▶ **Your assignment**
Leaving the pictures aside, transcribe only and exactly the lines from the one with "Variété de burgers sur une planche en bois." through the end of the entries, both included.

▶ **Material for this exercise**

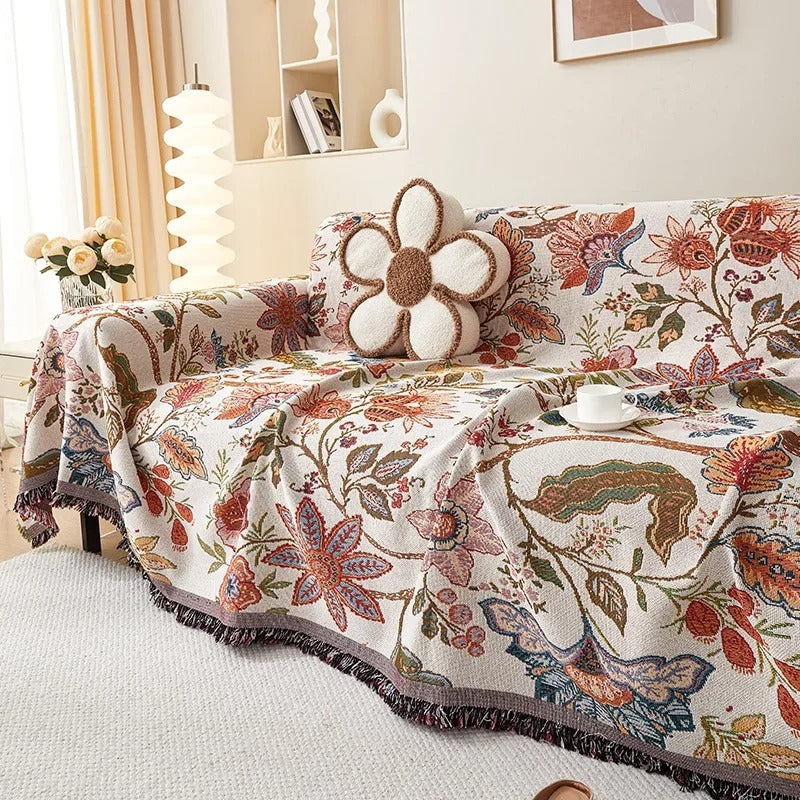 Blumenmuster Decke mit Rustikalen Fransen aus Weichem Polyester Baumwolle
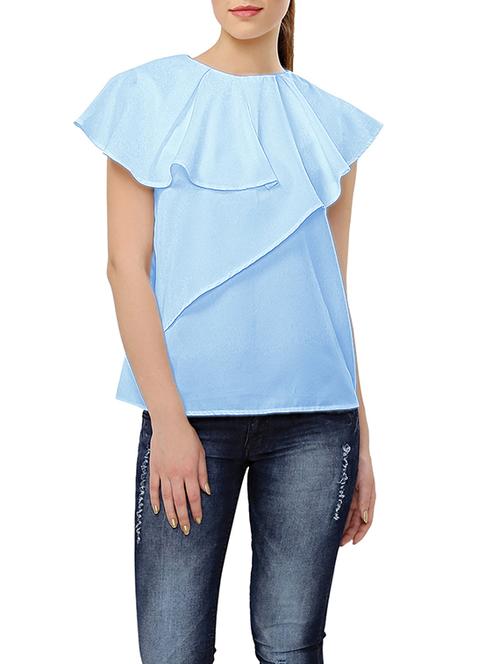 blue georgette straight top - 12833223 - Very Small Image - 1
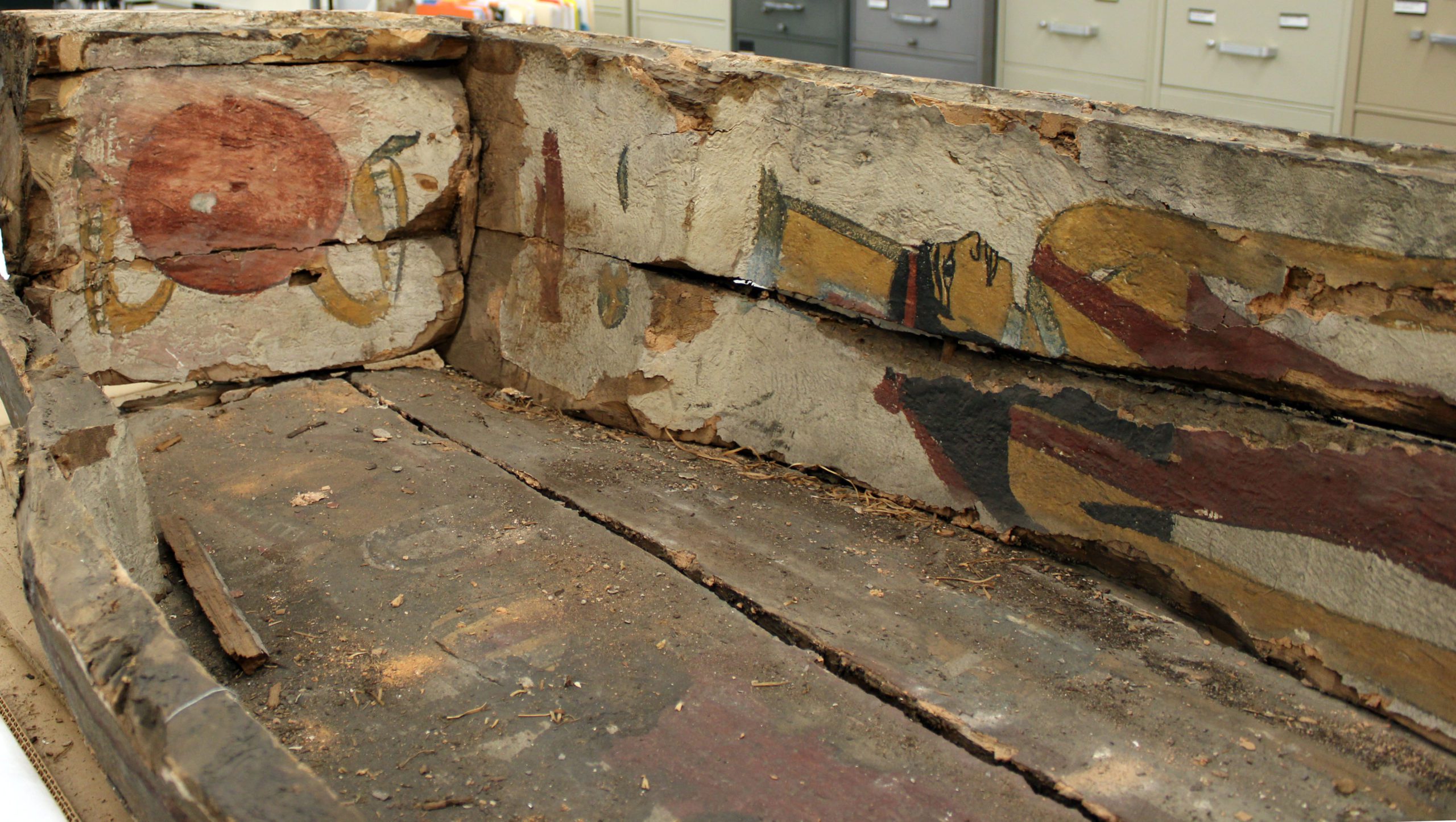 The interior of an Egyptian coffin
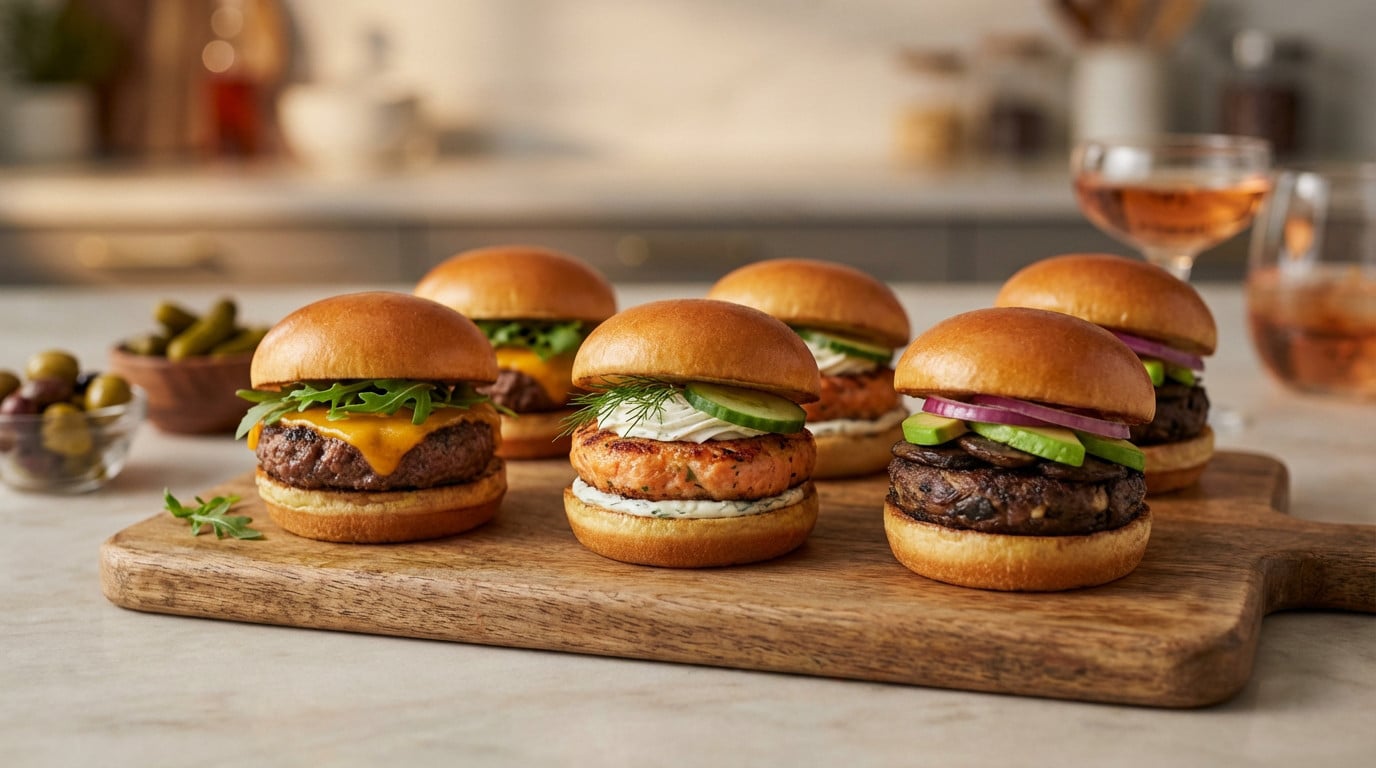 Variété de burgers sur une planche en bois.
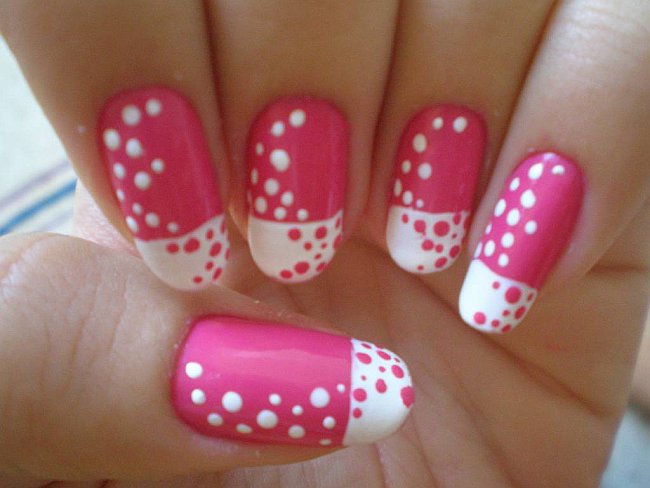 pink and white polka dots nails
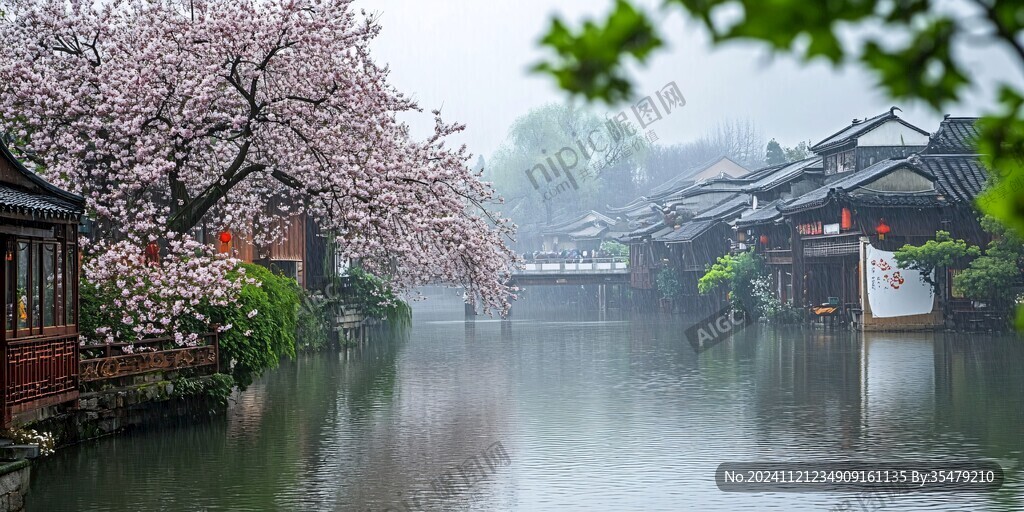 江南雨天美景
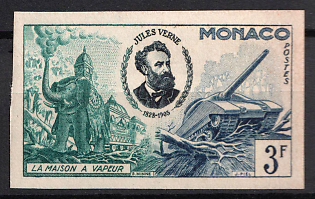 1955 3fr Principality of Monaco, Trial Color Proof, Imperforate, Museum Handstamp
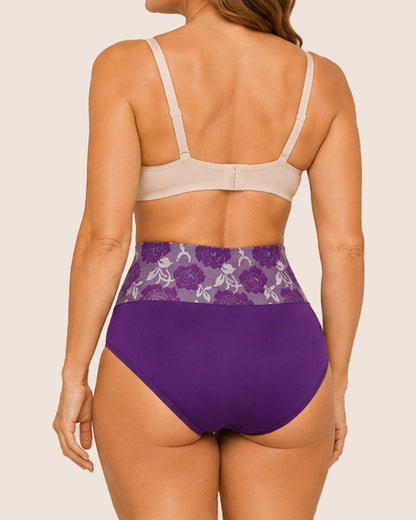 High Waisted Floral Colorblock Printed Pure Cotton Briefs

▶ **Worked solution**
 Variété de burgers sur une planche en bois.
 pink and white polka dots nails
 江南雨天美景
 1955 3fr Principality of Monaco, Trial Color Proof, Imperforate, Museum Handstamp
 High Waisted Floral Colorblock Printed Pure Cotton Briefs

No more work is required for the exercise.